__The problem__. From the line containing "Men Trussardi Brown Linen Blazer 36 / S" through the last line of the entries, output the text exactly. Pictures stay out.

__Data extracts__.
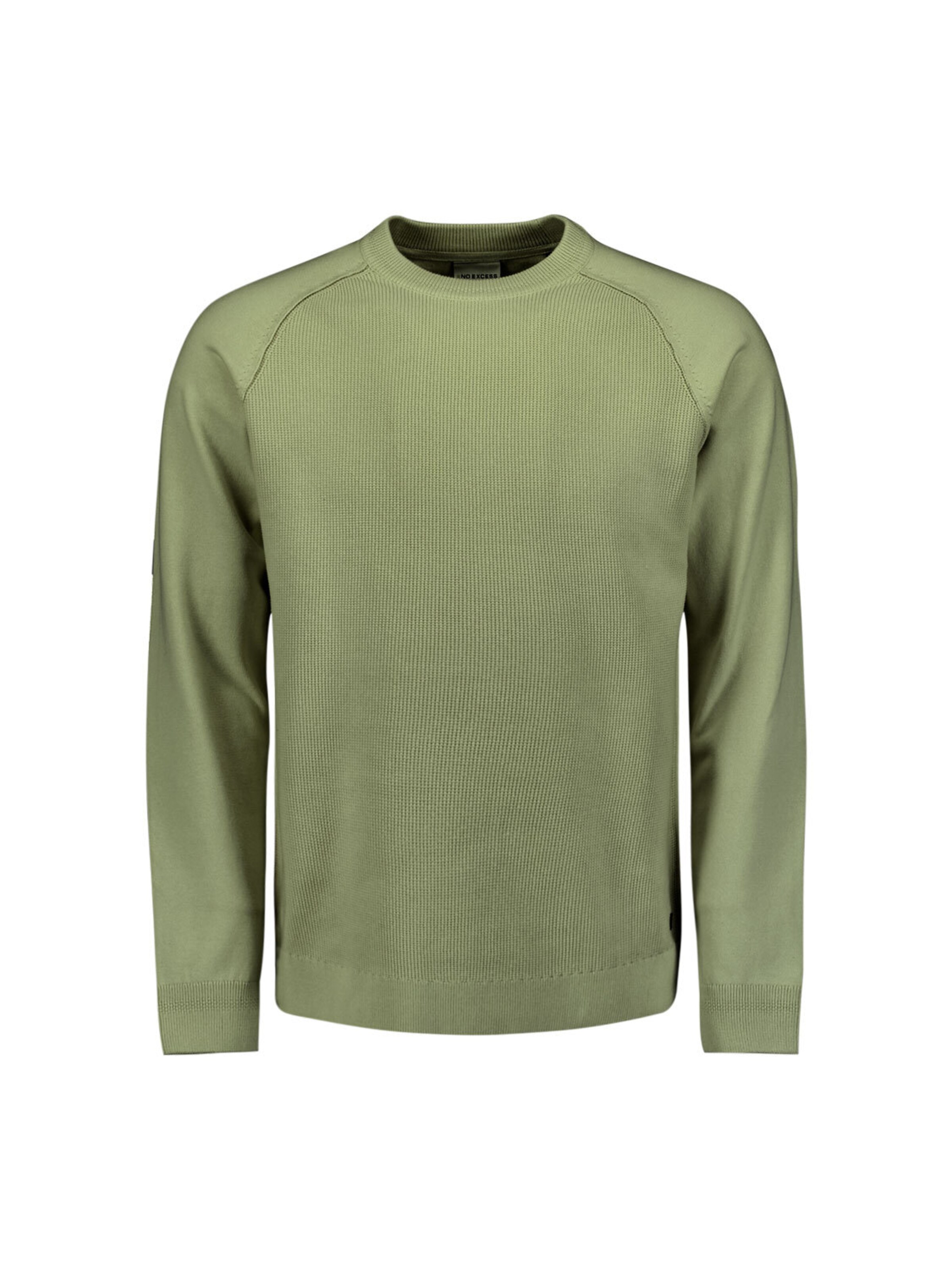 No Excess Sweater in Green: front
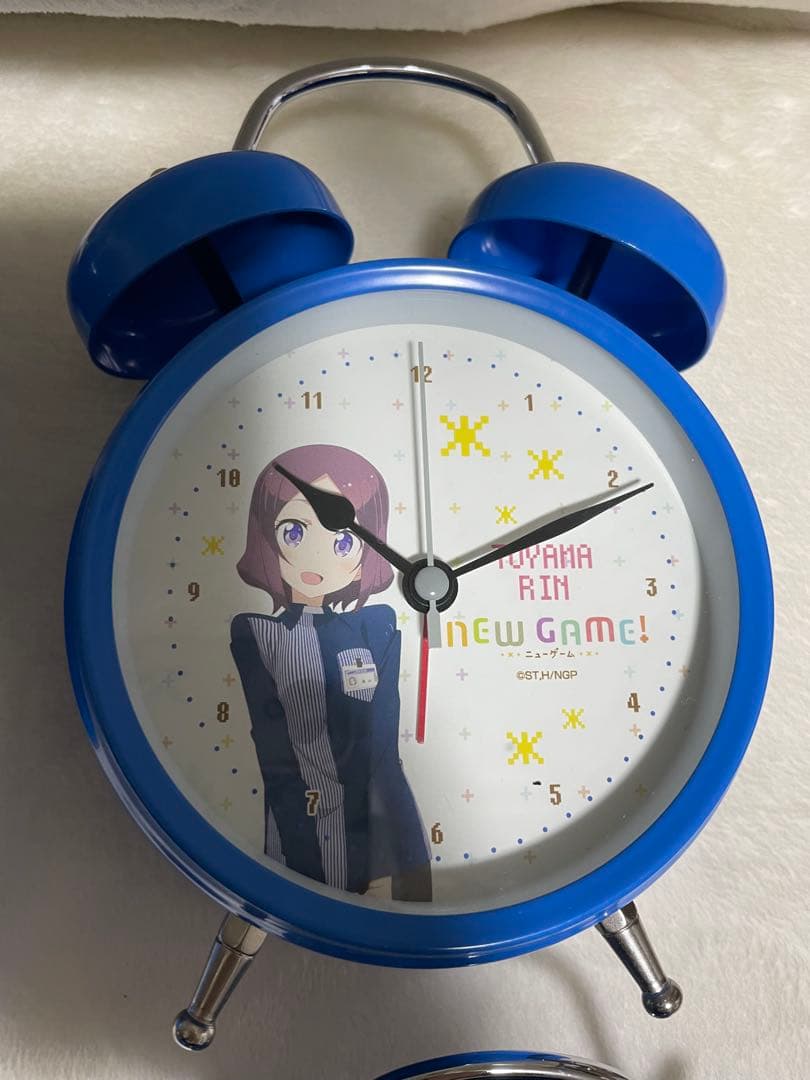 NEW GAME オリジナルボイス入り目覚まし時計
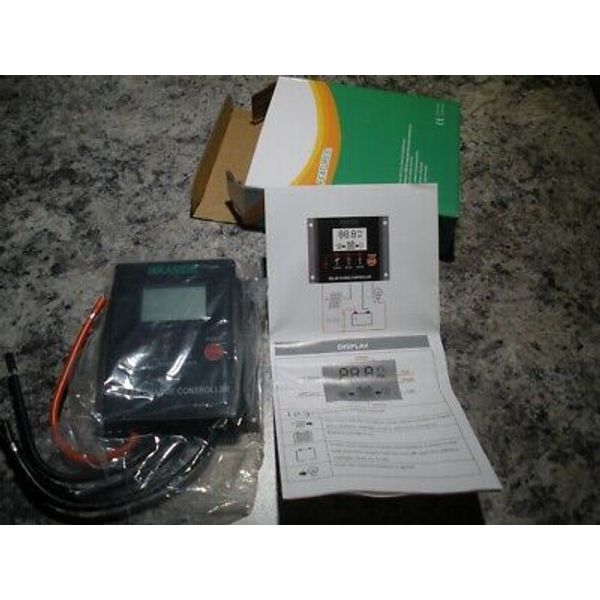 pwm waaree solar charge controller rcd1230 12/24v 30a heavy duty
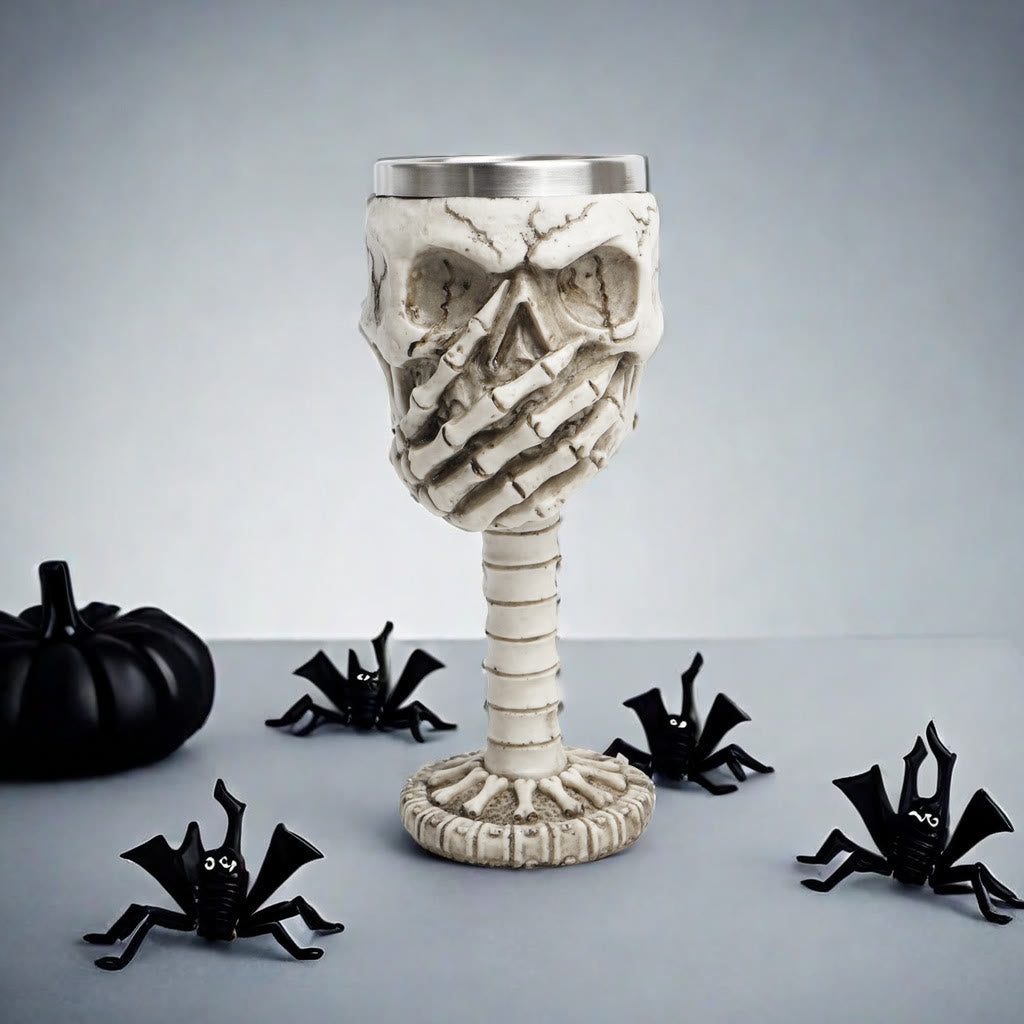 WorldNorse Totenkopf Emoticons Becher / Kelch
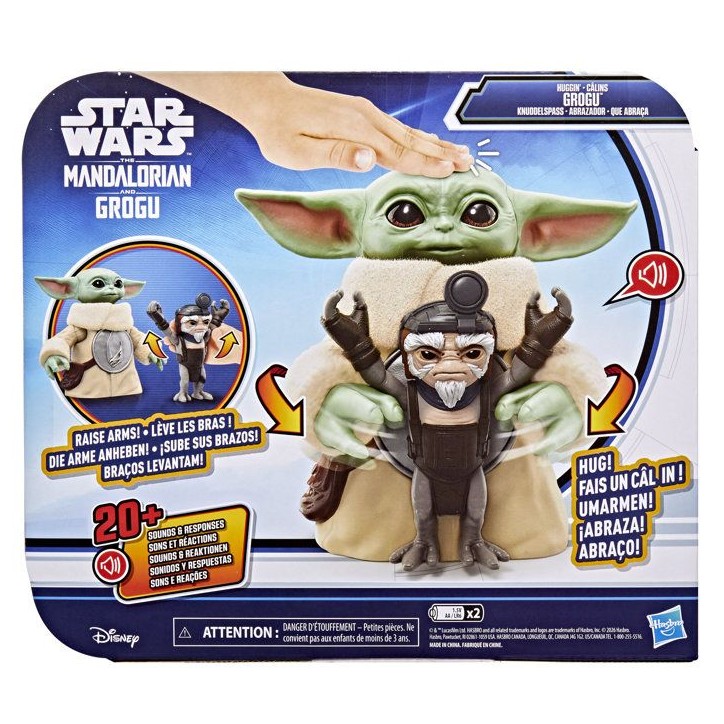 Câlins Grogu, figurine électronique de 16,5 cm et Anzellan, jouets Star Wars: The Mandalorian & Grogu pour enfants, des 4 an Câlins Grogu, figurine électronique de 16,5 cm et Anzellan, jouets Star Wars: The Mandalorian & Grogu pour enfants, des 4 an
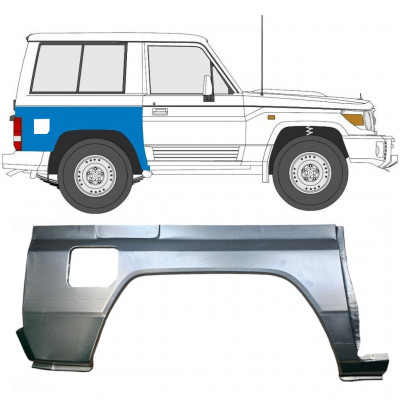 Pannello di riparazione parafango posteriore per Toyota Land Cruiser J70 1984- / Destra 7056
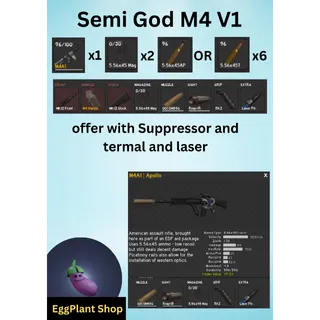  project delta (1-2 week) x1 Semi God-M4A1 V1
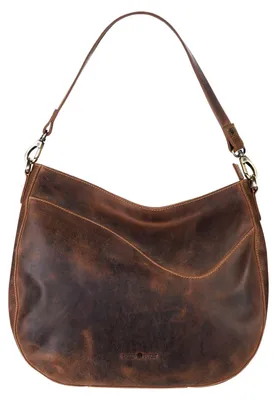 Produktbild von GREENBURRY Schultertasche Umhängetasche Vintage Hobo Bag Brown braun
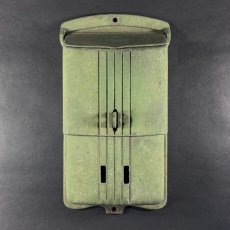 画像2: 1930-40's "Shabby Chic"  Streamlined Wall Mount Mail Box (2)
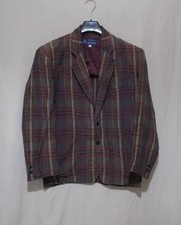 Men Trussardi Brown Linen Blazer 36 / S
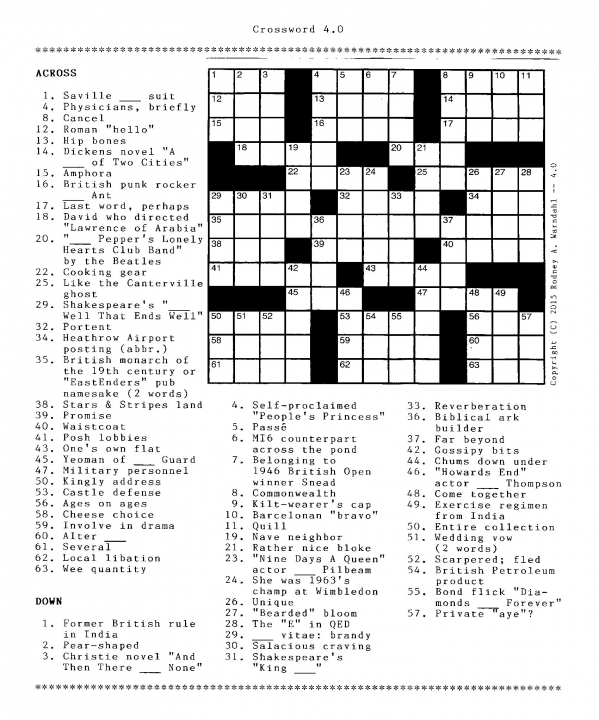 Crossword 4.0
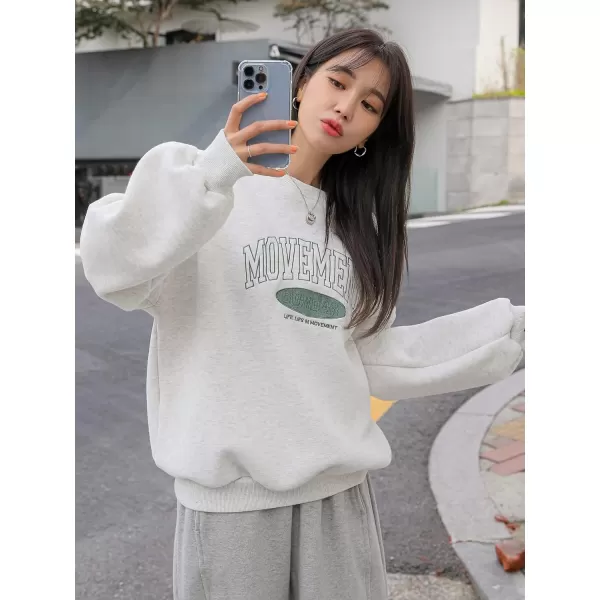 SweatyRocks Women's Casual Sweatshirt Long Sleeve Graphic Print Pullover Tops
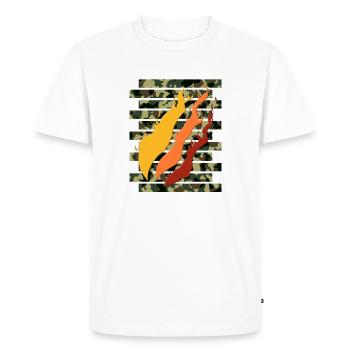 Fire Nation - Men's Premium Organic T-Shirt - white - Front - Nico (187cm)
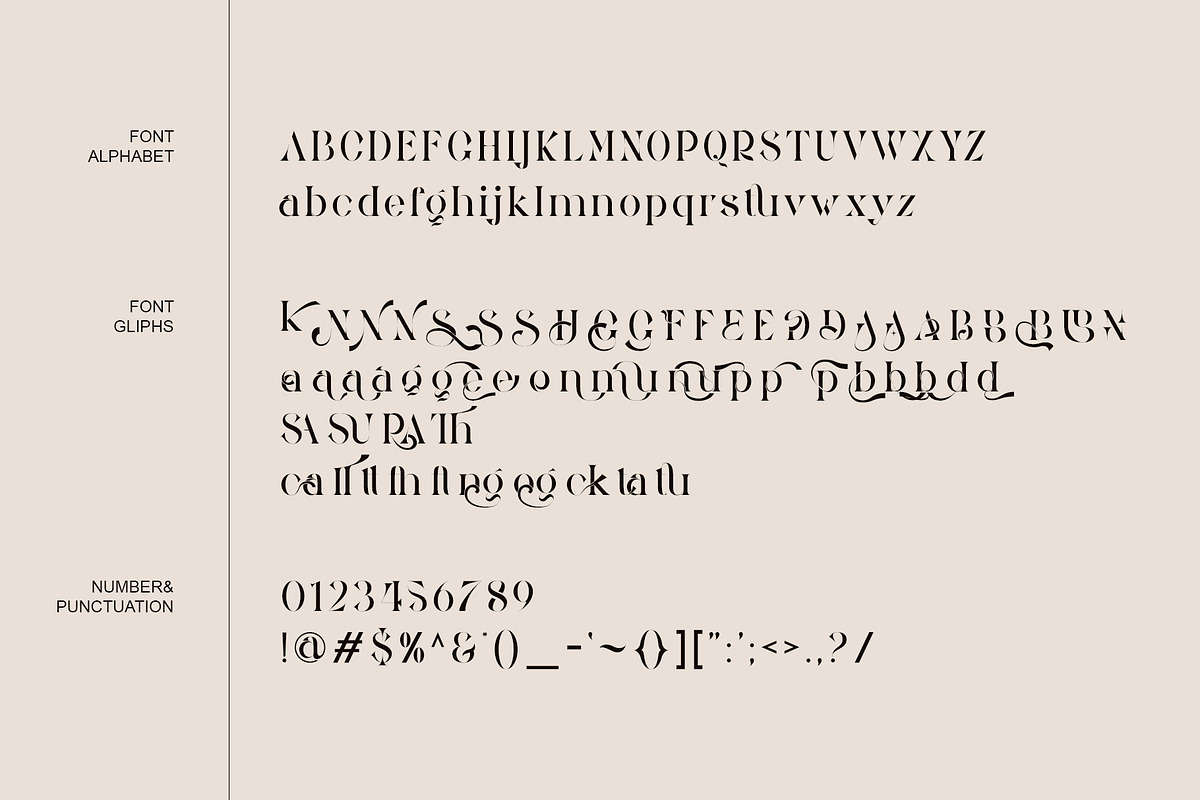 Tugen ligature serif typeface, a Serif Font by yaqublekker (Photo 9 of 9)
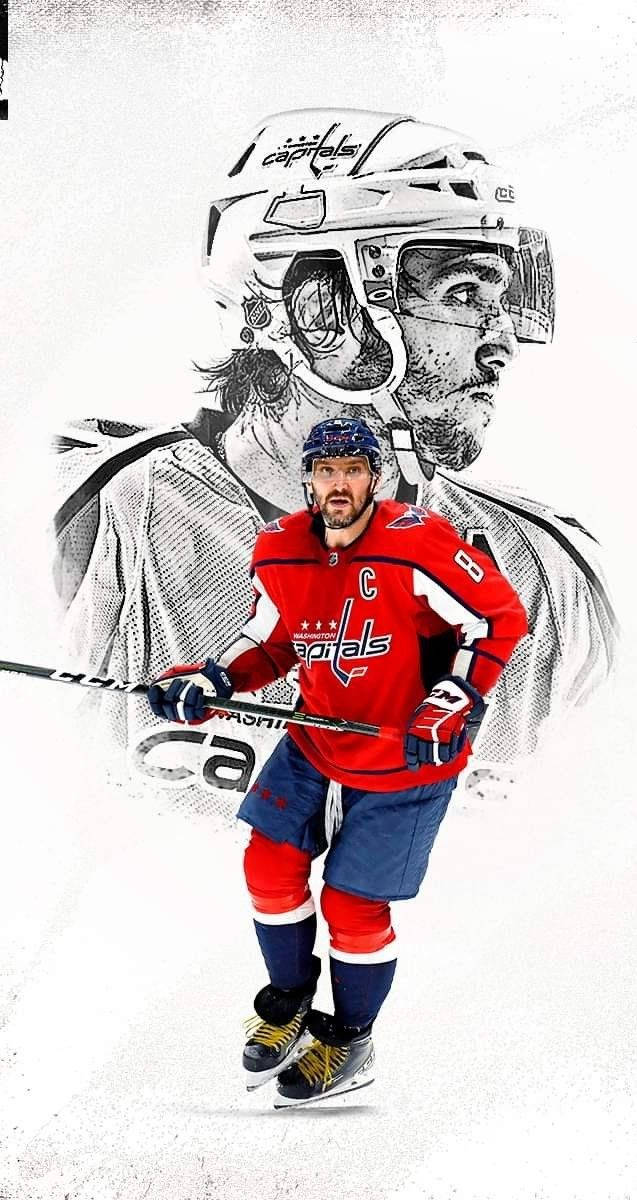 Washington Capitals Ovechkin Illustration Art Background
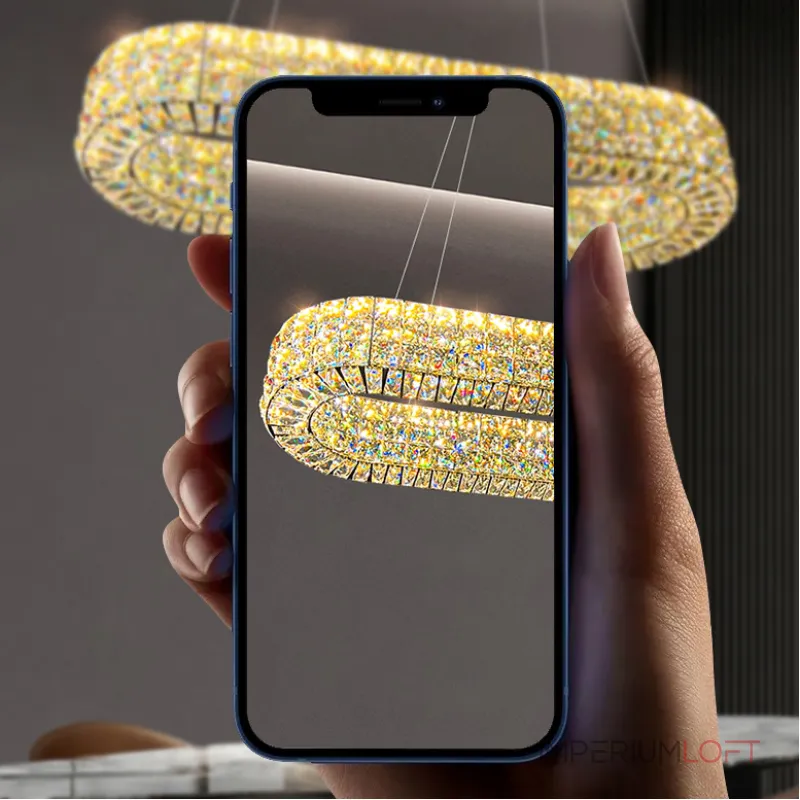 Подвесной светильник ACHILLES LONG L120 Chrome от ImperiumLoft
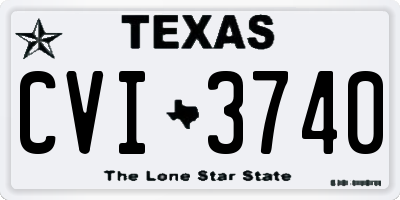 TX license plate CVI3740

__Task answer__.
 Men Trussardi Brown Linen Blazer 36 / S
 Crossword 4.0
 SweatyRocks Women's Casual Sweatshirt Long Sleeve Graphic Print Pullover Tops
 Fire Nation - Men's Premium Organic T-Shirt - white - Front - Nico (187cm)
 Tugen ligature serif typeface, a Serif Font by yaqublekker (Photo 9 of 9)
 Washington Capitals Ovechkin Illustration Art Background
 Подвесной светильник ACHILLES LONG L120 Chrome от ImperiumLoft
 TX license plate CVI3740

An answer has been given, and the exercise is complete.